▶ **REQUIRED WORK**
The data must be reproduced verbatim; images are to be omitted.

▶ **DATASET EXCERPT**
───

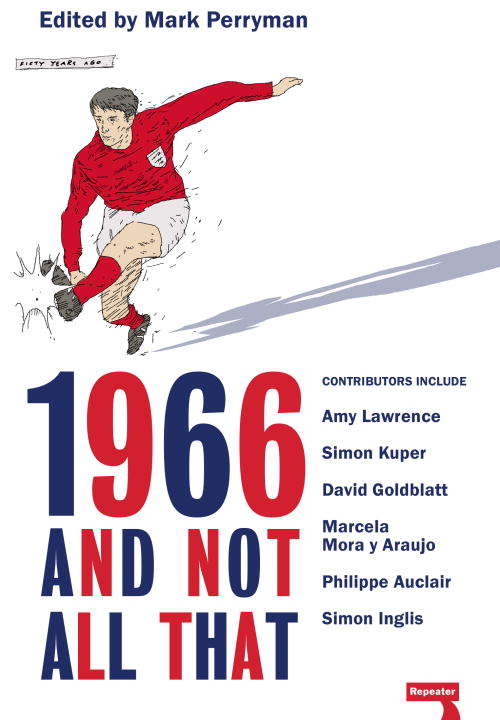 Book cover of 1966 And Not All That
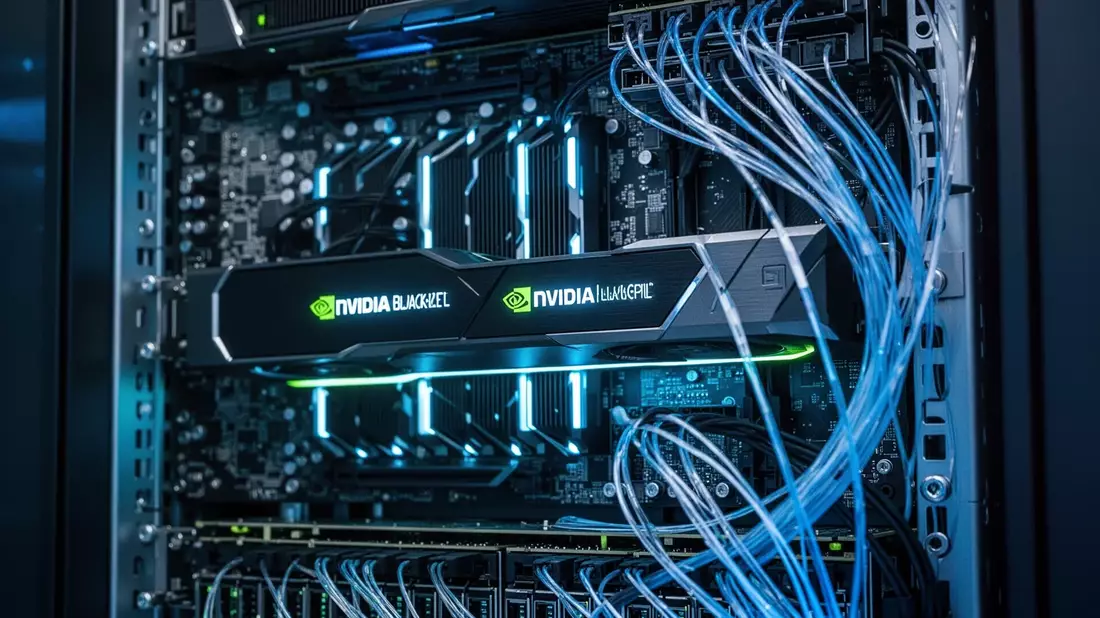 Anthropic Claude auf Azure: KI-Integration mit NVIDIA-Blackwell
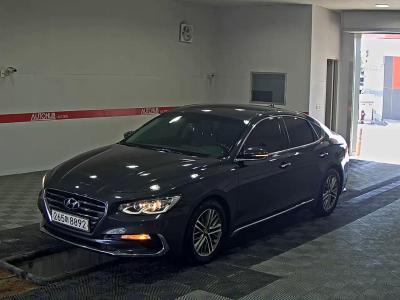 Hyundai Grandeur (AZERA) 2018 | kocars
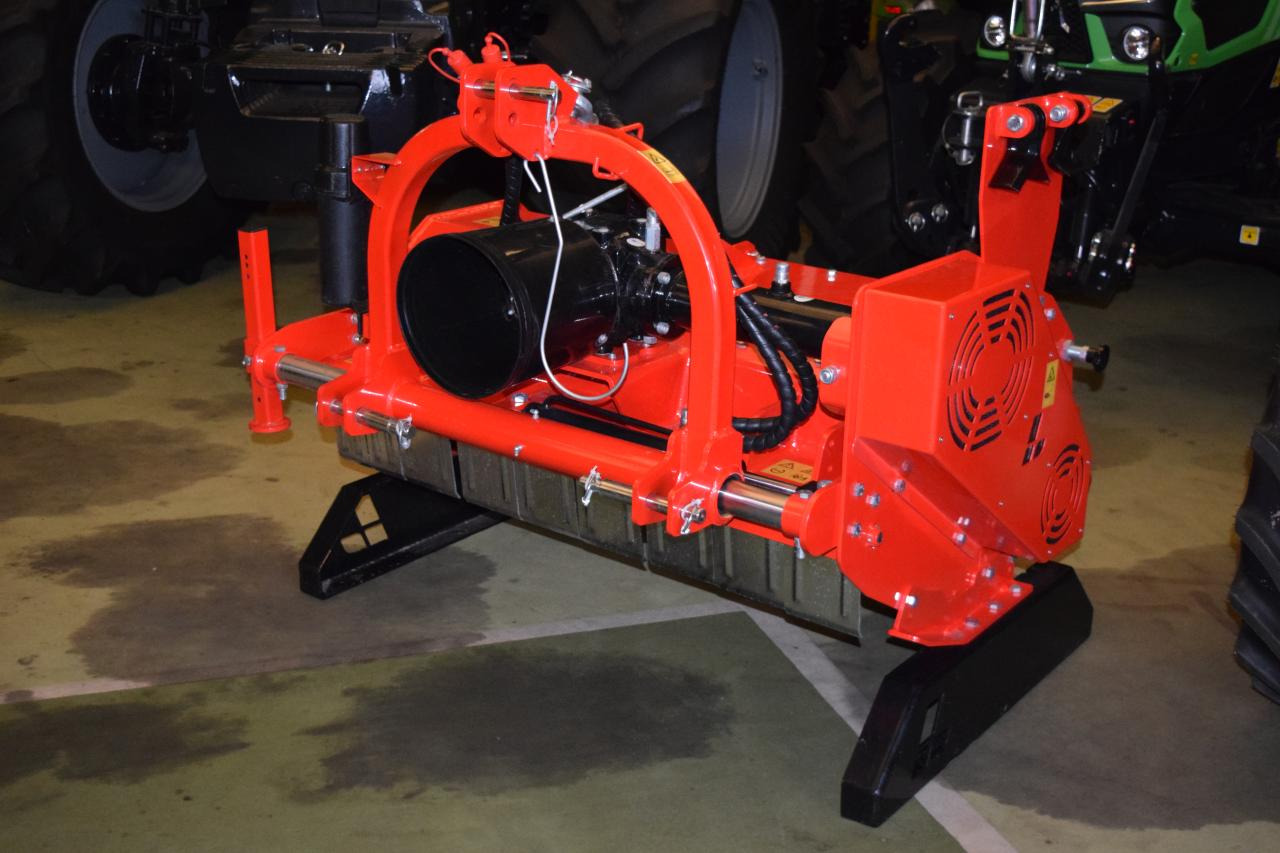 / Lancer JUPITER JLH 120 - 甩刀式割草机:图1 / Lancer JUPITER JLH 120 - 甩刀式割草机:图1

───

▶ **ANSWER FOR THIS EXERCISE**
 Book cover of 1966 And Not All That
 Anthropic Claude auf Azure: KI-Integration mit NVIDIA-Blackwell
 Hyundai Grandeur (AZERA) 2018 | kocars
 / Lancer JUPITER JLH 120 - 甩刀式割草机:图1 / Lancer JUPITER JLH 120 - 甩刀式割草机:图1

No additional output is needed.